A bench of Justices Sambhaji Shinde and Manish Pitale said that Majeed, could not be allowed to languish in jail when the trial in the case was proceeding at a snail's pace.

"We have observed that he is an educated person, who was completing his graduation in civil engineerin­g when he left for Iraq at the age of 21 years. He categorica­lly stated before us that as a 21-year-old, he was carried away and that he had committed a serious mistake, for which he had already spent more than six years behind bars," the judges noted.

"His father is a doctor of Unani medicine and his sisters are also doctors. His brother is an engineer. This shows that he comes from an educated family and if stringent conditions are imposed upon him, with an undertakin­g to cooperate with the trial, his release may not be harmful to the society at large and it would not adversely affect the trial," the judges added.

Majeed, 27, a resident of Kalyan, was arrested in November 2014 by the NIA on the grounds that he, as an active member of the IS, had executed several terrorist activities in Iraq and Syria and had returned to India only to wreak terror. He had been accused of plotting to blow up the police headquarte­rs in the city.

As per the NIA case, Majeed travelled to Iraq, along with some other Kalyan youths, on a pilgrimage. However, instead of visiting pilgrimage spots, they had indulged in terrorist activities with the ISIL, the NIA claimed.

Justice Shinde's bench was seized with the NIA's plea challengin­g the special court's March 2020 order, by which Majeed's third bail applicatio­n was allowed on merits. The special court, after rejecting Majeed's bail plea twice on merits, had allowed it in March on the grounds that of the 49 witnesses examined so far by the prosecutio­n, 12 had turned hostile and the others' deposition­s hadn't been sufficient enough to prove a prima facie case against him.
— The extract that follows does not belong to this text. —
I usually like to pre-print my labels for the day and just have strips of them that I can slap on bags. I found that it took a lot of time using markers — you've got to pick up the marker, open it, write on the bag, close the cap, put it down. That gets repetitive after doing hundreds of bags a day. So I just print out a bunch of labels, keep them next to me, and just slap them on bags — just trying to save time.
However, for this part of the reasoning, Justice Shinde's bench said the special court had erred in making a finding contradict­ory to its own findings twice earlier, when it had rejected Majeed's bail plea. "We are of the opinion that these fresh grounds on which the NIA court proceeded in the present case in Majeed's favour, cannot be said to be fresh grounds at all and merely because some of the prosecutio­n witnesses stood already examined, it cannot be a ground for re-visiting the findings already rendered against him" the judges said.
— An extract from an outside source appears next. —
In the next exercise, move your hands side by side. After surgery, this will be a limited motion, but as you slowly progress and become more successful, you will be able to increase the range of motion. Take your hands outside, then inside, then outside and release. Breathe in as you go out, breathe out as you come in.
However, the bench, led by Justice Shinde, in its 38-page judgment noted that the trial in the case is not expected to be completed in the next few years.

"There is no dispute about the fact that the right to fair and speedy trial is a right recognised under Article 21 of the Constituti­on of India. The courts have consistent­ly held that undertrial­s cannot be allowed to languish for years together in jail, while the trials proceed at snail’s pace," the bench observed, adding that if at the end of the trial the accused wasn't found guilty, the time spent in jail could not be given back and the same would amount to violation of right to dignified life.

The judges also stressed the need to strike a balance between the rights of the accused booked under stringent laws and also the rights of society, at large.

The bench further took into account the fact that even if Majeed was booked under the stringent UAPA law for terrorist activities, he did not cause loss of any life. It further considered the fact that in examining around 51 witnesses in the case, the NIA took more than five years and it is yet to examine 107 more witnesses.

The fact that the offences Majeed has been booked for provide imprisonme­nt ranging from five years to lifetime was also considered by the judges, especially after noting that he had already spent six years in jail.